Actinic purpura may be, along with osteoporosis, a sign of collagen loss in skin and bone.2 This causal loss of skin collagen has been confirmed when collagen was expressed absolutely, instead of as a percentage or ratio. That is, women have less collagen than men and it decreases by 1% a year in exposed and unexposed skin. These changes in skin collagen may correspond to changes in bone density. The hypothesis is that the changes in skin collagen also occur in bone collagen, leading to the associated changes in bone density.


United States

Actinic purpura is an extremely common finding in elderly individuals, occurring in approximately 11.9% of those older than 50 years. Its prevalence markedly increases with years of exposure to the sun.


Data are not available.


The ecchymoses may be cosmetically distressing and may leave dyspigmentation or scarring, but the lesions are not associated with any serious complications.


The effects of chronic sun exposure with the resultant ultraviolet radiation–induced skin changes occur more often and are more pronounced in fair-skinned individuals than in others.

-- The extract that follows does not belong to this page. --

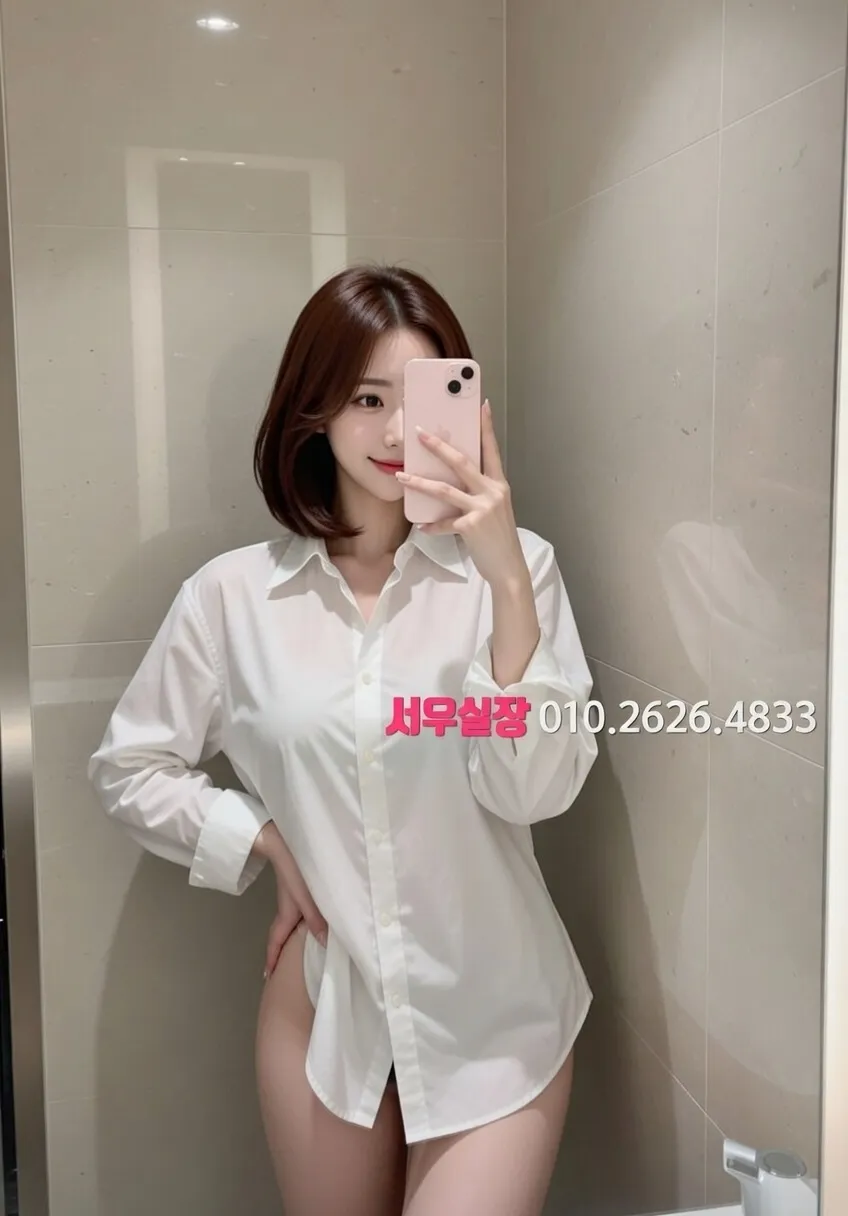 상남동 하이퍼블릭 프리미엄 라인업 13번 프로필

Both sexes are equally affected.


  • Actinic purpura occurs almost exclusively in the elderly population, though it may sporadically occur in younger people.
  • The incidence varies with respect to age.
  • Approximately 2% of those aged 60-70 years and as many as 25% of those aged 90-100 years can have the purpuric lesions.

Medical Care

  • Actinic purpura does not require extensive medical care.
    • To prevent further ultraviolet-induced damage to the skin, sunscreens that provide both UV-A and UV-B protection should be applied daily, especially to areas affected by the purpuric lesions.
    • Patients should also use barrier protection (eg, clothing).
    • Inform patients that sunscreens help prevent but do not reverse the photodamage.

  • Tretinoin has been observed to reverse many changes that occur with photodamage.
    • The use of tretinoin may be beneficial in actinic purpura because photodamage is ultimately responsible for this disorder.

    • Tretinoin increases the amount of dermal collagen and decreases the amount of abnormal elastin when applied topically. However, to the authors' knowledge, no results demonstrate that actinic purpura lesions improve with the topical application of tretinoin.


  • Advise patients with actinic purpura to limit their sun exposure by applying sunscreen daily or by avoiding sun exposure altogether.
  • Instruct patients to minimize any trauma to the skin where the purpuric lesions are present.